An outline of philosophy

6. John Locke

Ted Tripp


Source: Victorian Labor College lecture, circa 1970
First published: Labor College Review, 1990-94
Transcription, mark-up: Steve Painter


The period in which John Locke lived brought many changes in English bourgeois development. The civil war ended in victory for the industrialists against absolute monarchy with the execution of Charles I in 1649. The first attempts at parliamentary rule presented many difficulties, resulting in Cromwell assuming powers of a dictator. The restoration of the monarchy with limited powers under Charles II, followed by his successor James II, a Roman Catholic, was tolerated at the time as both were aged monarchs not likely to live long and consequently it was not necessary for the bourgeoisie to face another civil war.

However, with the announcement of a son and heir to James the possibility of a renewed Catholic domination, intolerable as it was to bourgeois class interests, forced them to risk further strife by inviting James’s eldest daughter, Mary, and her husband William, a devout Protestant, to raise an army.
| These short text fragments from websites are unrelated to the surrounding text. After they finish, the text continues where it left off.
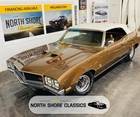 1970 Buick GS CONVERTIBLE 455 ENGINE NUMBERS MATCHING SEE VIDEO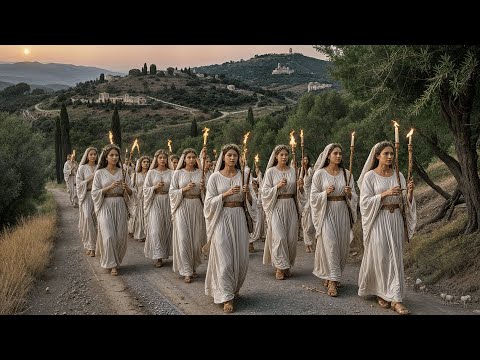 Explore Ancient Greece: Eleusis & Corinth – A Journey Through Myth & History | Pericles Century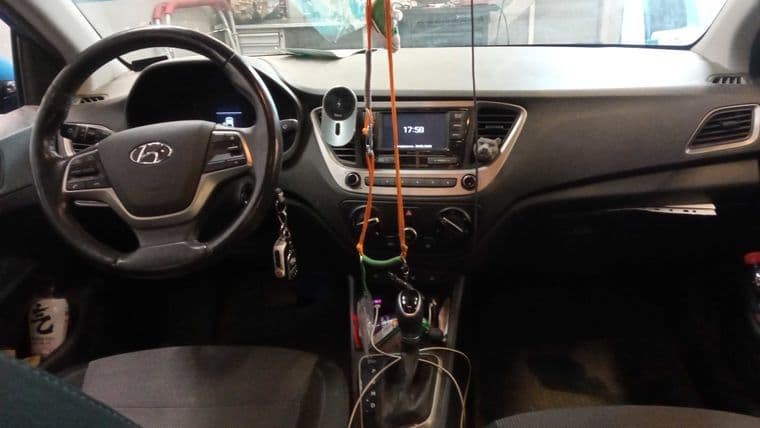 Hyundai Solaris, 2018 - вид 4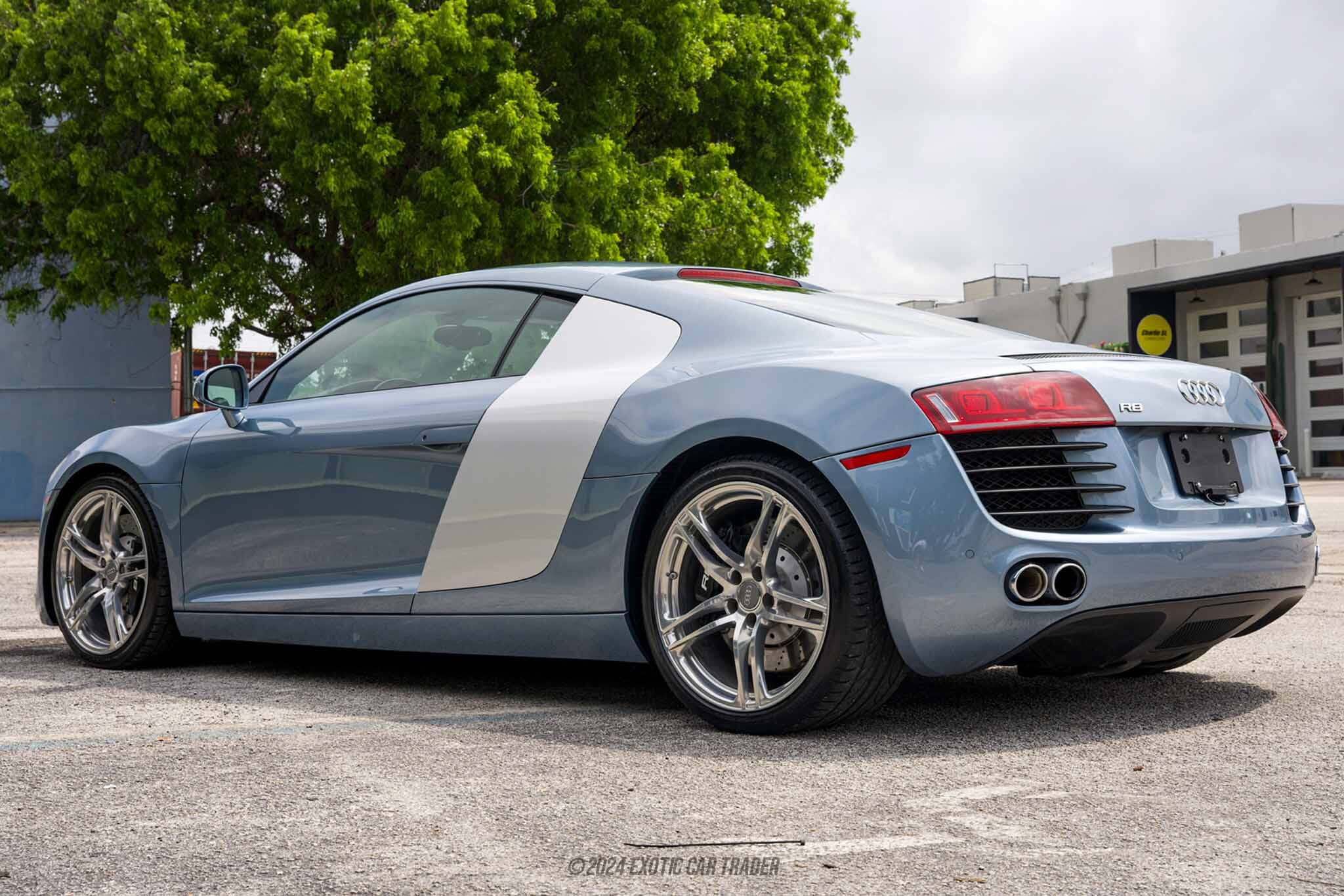 2008 Audi R8 Coupe for sale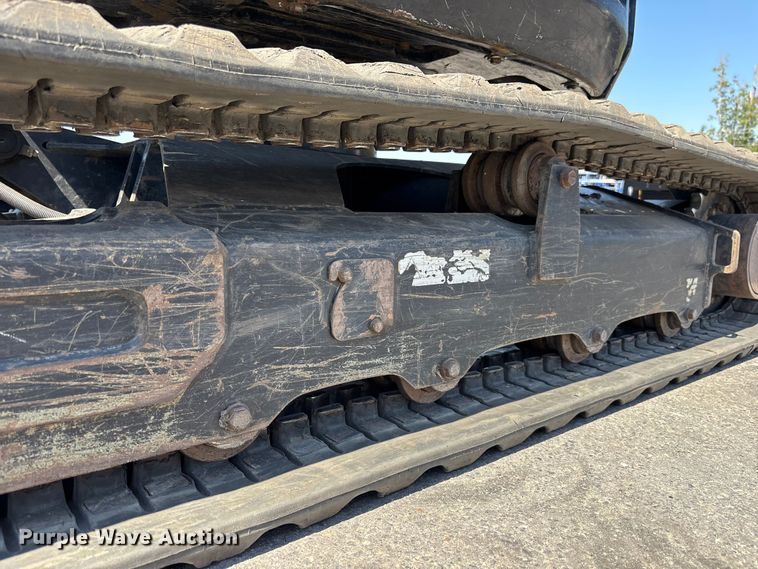 image for item DU0414 2022 Sany SY35U mini excavator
This was accomplished with comparative ease, and William and Mary were installed on the throne in the “Glorious” bourgeois revolution of 1688.

Locke was sceptical of bourgeois democracy, especially after the execution of Charles I. In a sarcastic vein, he wrote: “I found that a general freedom is but a general bondage, and that the popular asserters of liberty are the greatest engrossers of it too, and not unjustly called its keepers.” His chief philosophical work was contained in his Essay concerning human understanding, which is divided into four books, its design according to the author being, “To enquire into the origin, certainty, and extent of human knowledge, together with the grounds and degrees of belief, opinion and assent,” and this was a means to correct the chief cause of human error, which its author found in human proneness to extend their inquiries to matters beyond their reach, and then to cover their ignorance by empty phrases, or by dogmas that they assumed to be innate and therefore out of reach of criticism.
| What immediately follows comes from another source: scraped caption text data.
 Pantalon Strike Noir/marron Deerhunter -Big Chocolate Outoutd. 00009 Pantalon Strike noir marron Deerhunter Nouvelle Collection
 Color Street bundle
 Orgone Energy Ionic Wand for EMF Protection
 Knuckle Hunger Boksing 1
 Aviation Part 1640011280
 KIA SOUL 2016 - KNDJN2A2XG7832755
Locke wanted to make a faithful report, founded simply upon mental facts, as to how far a merely human understanding can go in the way either of certain knowledge of more or less probable presumption, and in what humanity must be contented with ignorance. Although a true report might show that human knowledge must ever “fall short of perfect comprehension of whatsoever is”, it might be “sufficient for our state”; and at any rate we cannot overcome facts.
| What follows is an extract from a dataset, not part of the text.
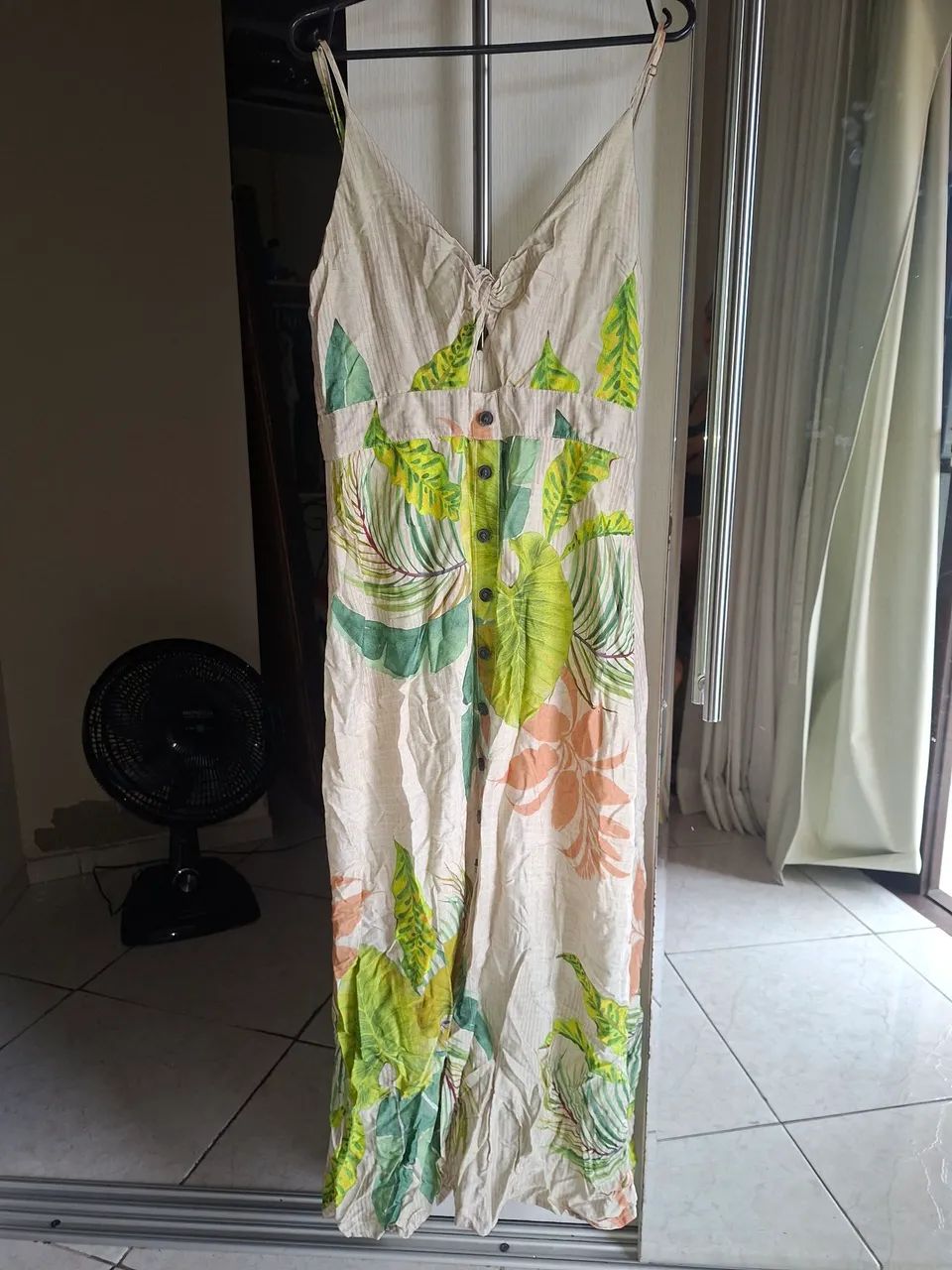 Kit 5 vestidos tamanho M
The first book of the essay provides a preliminary argument against the innateness of any part of our knowledge. It opens the way for Locke’s main position: that whatever any individual can know, or reasonably believe in, or concieve, is dependent upon human experience. We may have ideas without having knowledge, but we cannot have knowledge without ideas; for having ideas, Locke says, means “speaking intelligibly”.

Propositions that contain idea-less terms cannot express truth, or even error, and only connect empty sounds. All our ideas, the most complex and abstract, as well as the simplest, Locke shows to be ideas, which refer either to data that happen to be presented through our five senses, or to operations of mind that have been able to penetrate the interior. If we pretend to extend in word our range further, “we shall succeed no better than if we went about to clear the darkness in the mind of one born blind, talking into him the ideas of morality and God”, he is just as strenuous in arguing for our having an intuitive certainty in abstract ethics as well as existence of external things, as far as they are actually felt, and above all for our having a demonstrable knowledge of the existence of God or “eternal mind”.

Locke was considered to be the third great English materialist. Marx wrote: “Hobbes had systemised Bacon without, however, furnishing a proof for Bacon’s fundametal principle, the origin of all human knowledge from the world of sensation. It was Locke who, in his Essay concerning human understanding, supplied this proof.”

As we have already noted, Locke began his essay with an attack on innate ideas. Against this notion he tried to show how the whole of human knowledge was built up through the action of external material objects upon the bodily sense organs. “Let us suppose the mind to be, as we say, white paper, void of all characters, without any ideas,” he wrote, Ldquo;How comes it to be furnished? … To this I answer in one word, from experience; in all that our knowledge is founded, and from that it ultimately dervies itself. Our observation employed either about external sensible objects, or about the internal operations of our minds, perceived and reflected upon by ourselves, is that which supplies our understandings with all the materials of thinking. These two are the fountains of knowledge, from whence all the ideas we have, or can naturally have, spring.”

Locke relies on plain empirical evidence, or rather the absence of it, to disprove the existence of innate ideas. If there were self-evident truths, he argued, these should be present in all men and clear to savages, infants and even idiots. In fact, this is not so; the supposed innate principles in religion, logic, morals and mathematics are consciously held only by educated minds.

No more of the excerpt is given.